A wilder game, and one which we thought more suitable for the male
sex, next took place. It was called the 'bad companions'
('oi kakoi suntrophoi'). The Eastern carpet was again
spread, and two pillows were put upon it, and two females laid down,
as if in bed, with their faces on the pillow, and the sheet cast
over them, heads and all. The players, each armed with a knotted
handkerchief, danced and sang around the reposers, and in turns
caught them severe cuts on the back with the knotted handkerchief,
saying, 'Who has hit you?' and in reply came a groan
from under the sheet, 'Companion So-and-so,' until the
right name was guessed.
Several other games of a like nature were played before we retired
to rest. Whilst on the subject of games I will just allude here
to another island game I once saw, called 'sphaira',
or ball which bears a closer relationship to cricket than anything
I ever saw out of England. Instead of a bat the hand is used, and
instead of wickets a stone is set up. There are five on each side;
one is at the stone, four are doing nothing, the remaining five
are fielding. If the player hits the ball to a certain distance
he counts one, but does not run; if the ball is caught or if it
hits the stone his innings are over. This game, I was assured, has
been played in Greece as far back as the memory of the oldest inhabitant
can go, and, no doubt, much longer; it is obvious that it was not
borrowed from us. Did we take our idea from them; or will the minds
of men intent on sport produce the same results in different parts
of the globe?
Next morning our stay at Ios came to a close.
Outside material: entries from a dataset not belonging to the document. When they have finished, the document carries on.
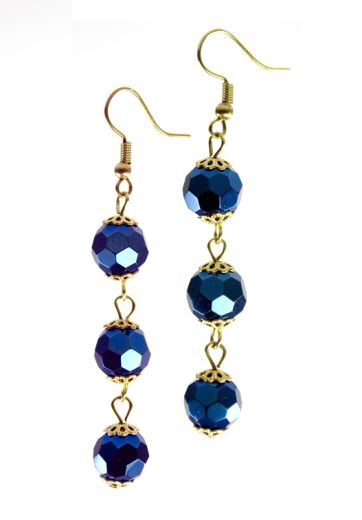 Cut Blue Earrings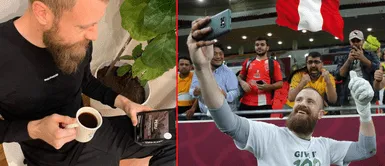 Andrew Redmayne es arquero de la selección australiana. Andrew Redmayne luce café peruano y usuarios responden en redes: "Te crees hábil"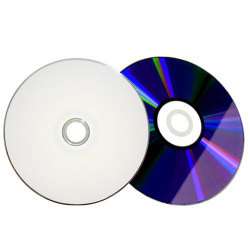 200 16X Blank DVD R White Inkjet HUB Printable Disc  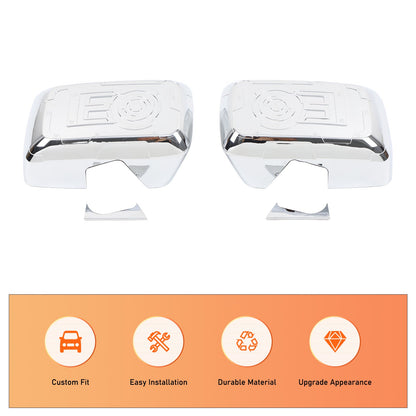 Mech Style Silver ABS Side Mirror Trim Cover For Hummer H3 2005-2009 US 12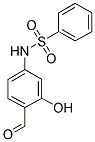 N-(4-FORMYL-3-HYDROXYPHENYL)BENZENESULFONAMIDE Struktur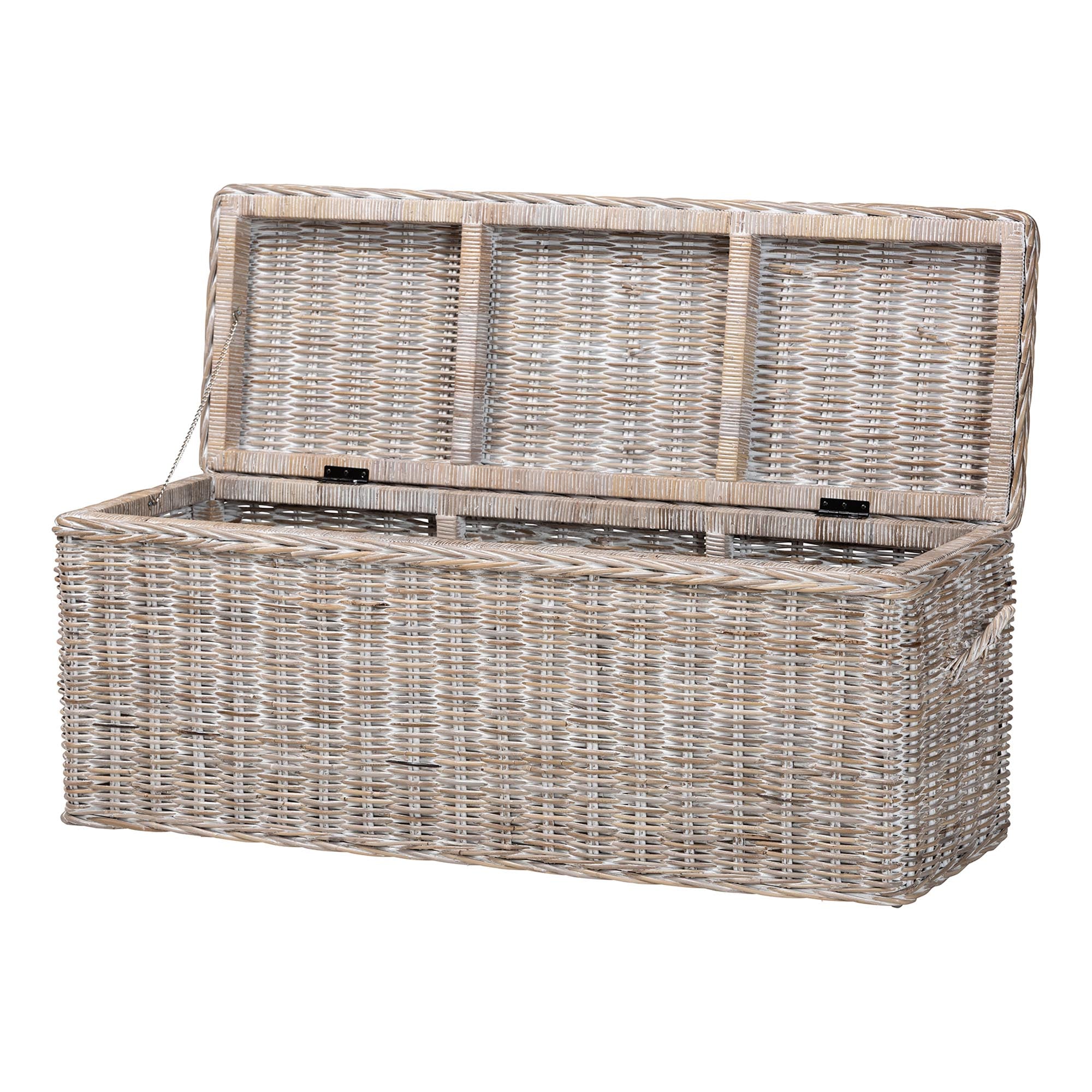Bali & Pari Clarette Rattan Storage Bench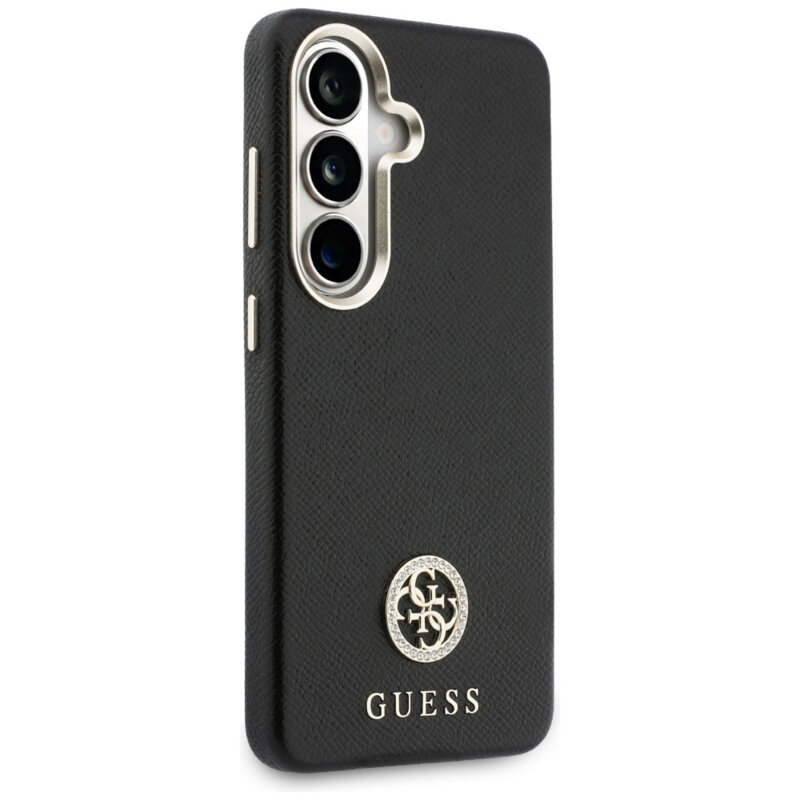 Husa originala Guess Samsung Galaxy S26 Plus Rhinestone Round Logo MagSafe, negru, GUHMS26MPGCRMDEK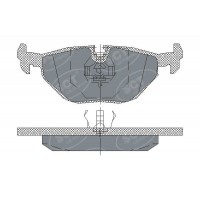 SP 198 PR SCT - MANNOL Комплект гальмівних колодок дисковий гальм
The Lorenziades pressed
us to remain for a wedding, but the wind was favourable for Sikinos,
so we regretfully bade them farewell. Marousa came with a lovely
piece of red Cretan embroidery as a present, and her handkerchief
full of pine nuts, that we might never forget her; Callirhoe
gave us her pocket handkerchief full of sesame seeds; and Ekaterina
wrote a touching little poem with the same intent. The three brothers
and the three girls went down with us to the harbour, where our
boat was waiting, bringing with them a fresh 'mysethra',
wine, and figs for our journey. They taught us to improve the wretched
little wizen figs of the islands by the introduction of sesame seeds,
for which plan we were grateful; for you might as well eat shoe
leather as the figs they give you in the Cyclades. After many shakings
of handkerchiefs and much tacking we eventually got out of Ios harbour,
and sped quickly in our caique for Sikinos.